* [YOUR GOAL] The listing below contains a span that opens with the line containing "Size: 3706x4010 |" and closes with the line containing "Missouri License Plate". Return that span exactly.

* [SUPPLIED DATA]
========================================================================
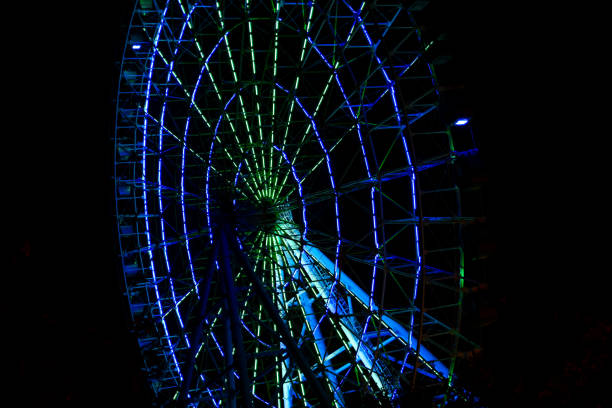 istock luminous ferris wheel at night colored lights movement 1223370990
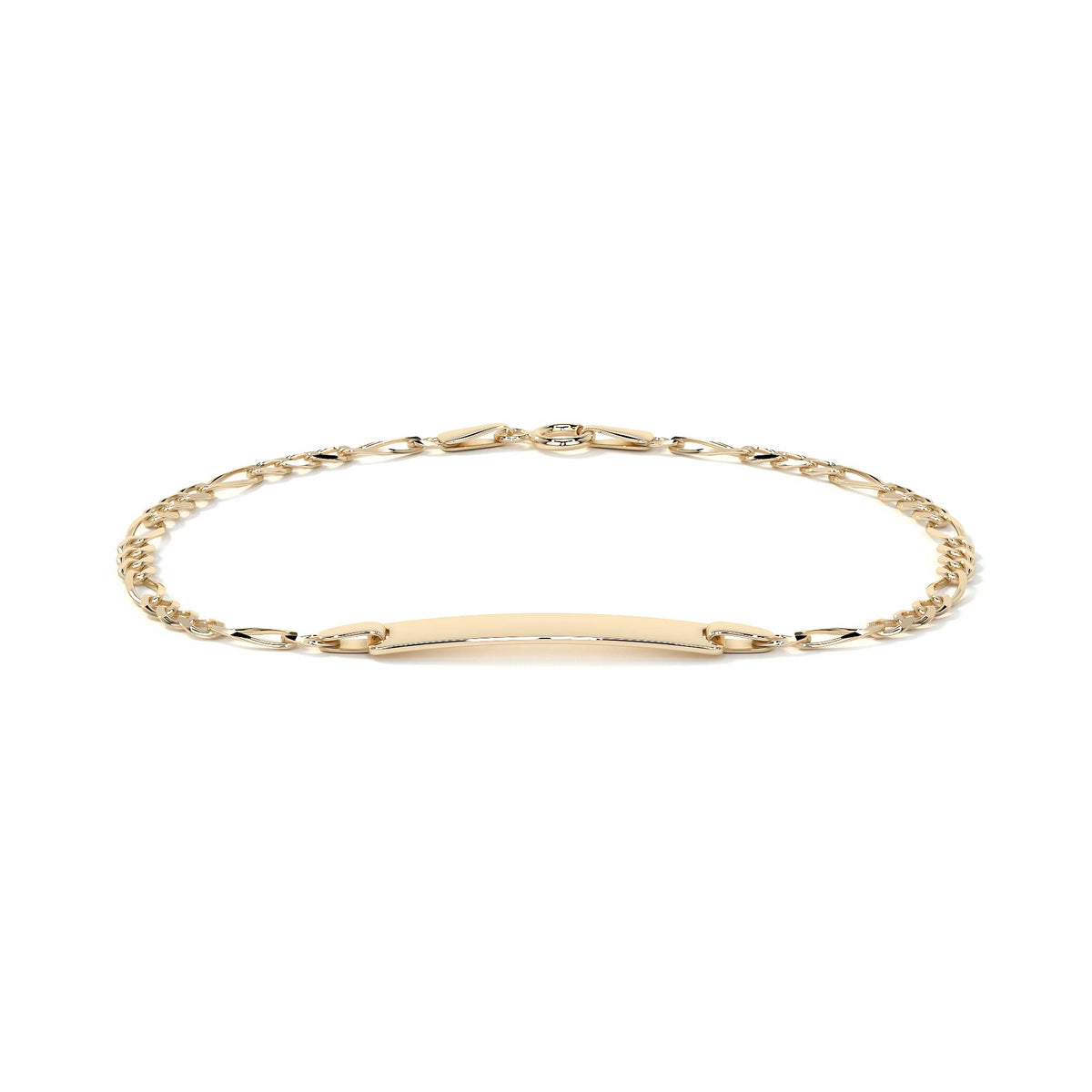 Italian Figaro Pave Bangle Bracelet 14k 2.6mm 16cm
========================================================================
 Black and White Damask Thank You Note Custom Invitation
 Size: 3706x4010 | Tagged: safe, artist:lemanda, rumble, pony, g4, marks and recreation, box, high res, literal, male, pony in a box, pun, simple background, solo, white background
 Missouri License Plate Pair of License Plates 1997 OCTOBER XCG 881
========================================================================
* [SOLVED PROBLEM]
 Size: 3706x4010 | Tagged: safe, artist:lemanda, rumble, pony, g4, marks and recreation, box, high res, literal, male, pony in a box, pun, simple background, solo, white background
 Missouri License Plate Pair of License Plates 1997 OCTOBER XCG 881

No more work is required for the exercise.